Tips for a healthy hot pot
Friday, 14 December 2018
As the weather cools down, it’s our favourite time of year for Hot Pot! Whether with family, friends or colleagues, this richly flavoured, soup-based meal of fresh ingredients is a crowd favorite, but is it good for your body too?
OF COURSE! Hot pot can certainly be healthy, provided you choose your ingredients, base soup and sauces carefully to avoid an overdose of sodium, saturated fats, and carbohydrates in your meal.
Follow these 7 rules:
- Use a light soup base for your hot pot
Go for clear or light-flavoured soup such as mushroom and cabbage tofu soup for a healthy hot pot. Buy only low-sodium chicken or vegetable soup stock. And avoid drinking the broth.
- Choose lean proteins over processed versions
Choose fish, seafood, lean pork, and chicken over internal organs and processed fish balls, meatballs, and cuttlefish balls, which are high in sodium, saturated fats, and chemical preservatives. Also set aside an appropriate portion to eat and limit yourself to that amount! Quantity matters.
- Go easy on carbohydrates
Avoid adding rice or noodles to a hot pot meal. You risk piling up calories with these refined carbohydrates. Choose instead options like Konjac bows (6 pieces only 15 calories) or soba (buckwheat) noodles are higher in protein and fiber.

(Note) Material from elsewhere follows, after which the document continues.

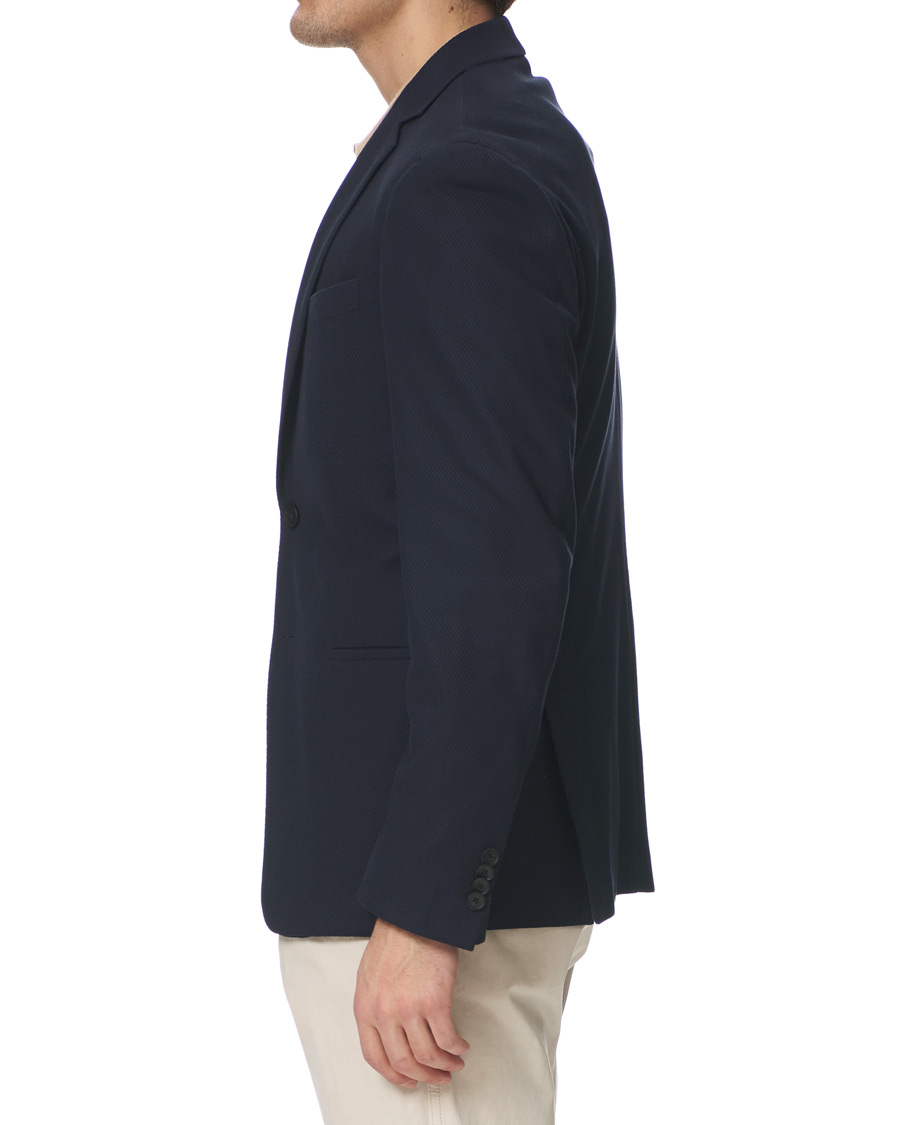 Herre | Dressjakker | BOSS BLACK | BOSS Norwin Structured Knitted Blazer Navy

- Add more high-fibre vegetables to your hot pot
Fill your hot pot with carrots, cabbage, spinach, mushrooms, watercress, bak choy and choy sum.

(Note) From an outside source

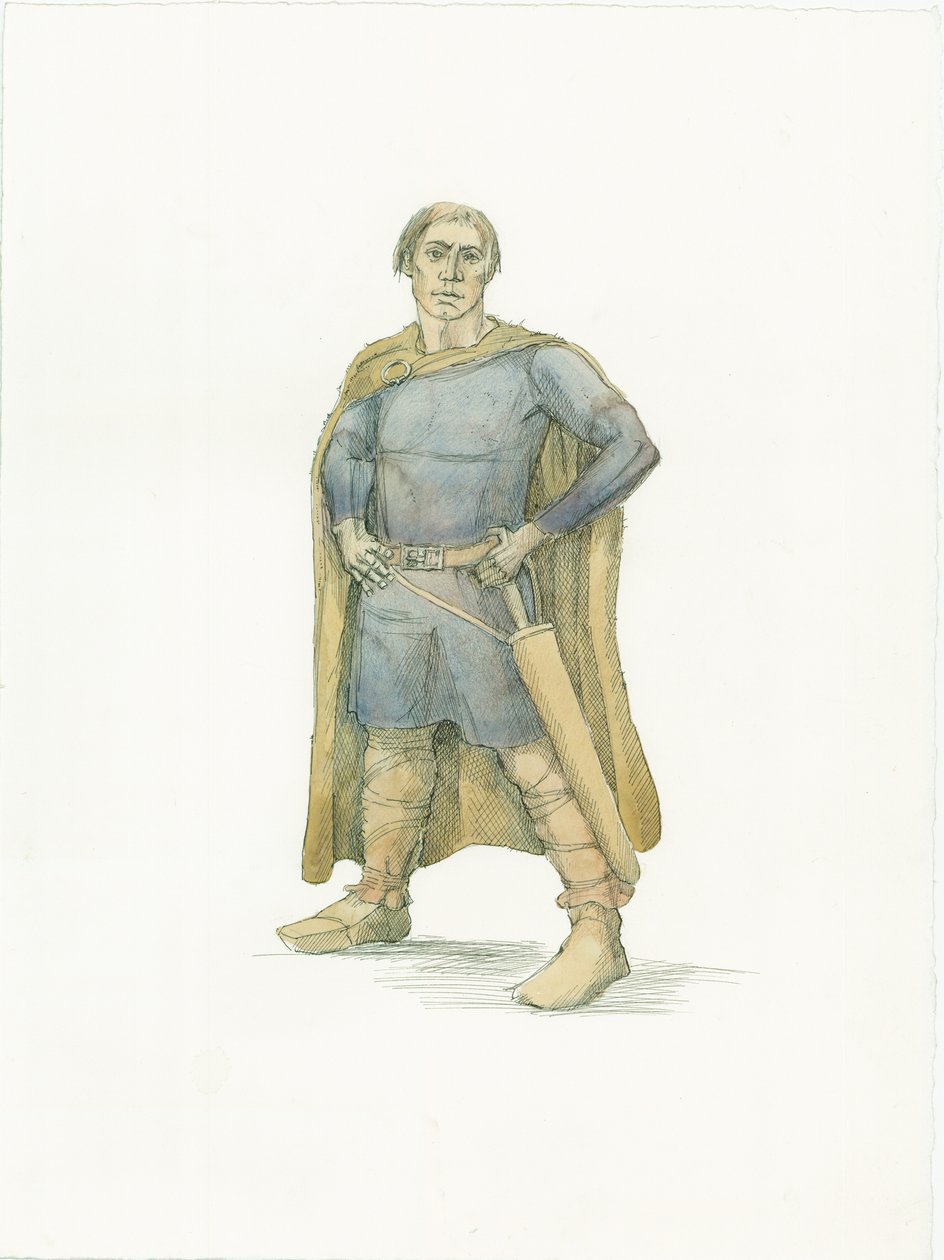 Król Harold, ok. 1066 2015 r. autorstwa Judith Dobie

- Choose light dipping sauces
Go for light dipping sauces such as fresh cut chillies with soya sauce, minced garlic, vinegar sauce instead of sambal, deep-fried garlic, and oil-based sauces.

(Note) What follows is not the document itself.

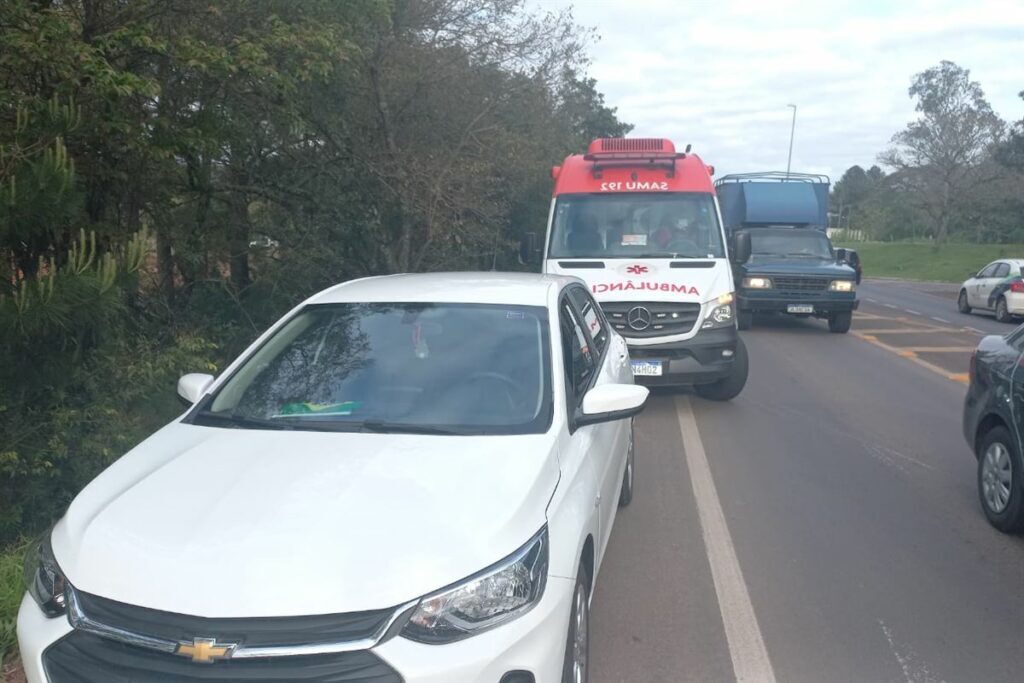 Motociclista fica ferido em acidente na RSC-287 em Santa Maria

- Watch out for increased nitrite levels in hot pot broth
Repeated boiling of the hot pot broth for more than 90 minutes may increase nitrite levels, so set a time limit.
- Eat slowly
The brain takes about 20 minutes to register you are full so eat slowly and chew thoroughly to prevent overeating.
Have a great upcoming festive season and remember moderation is key!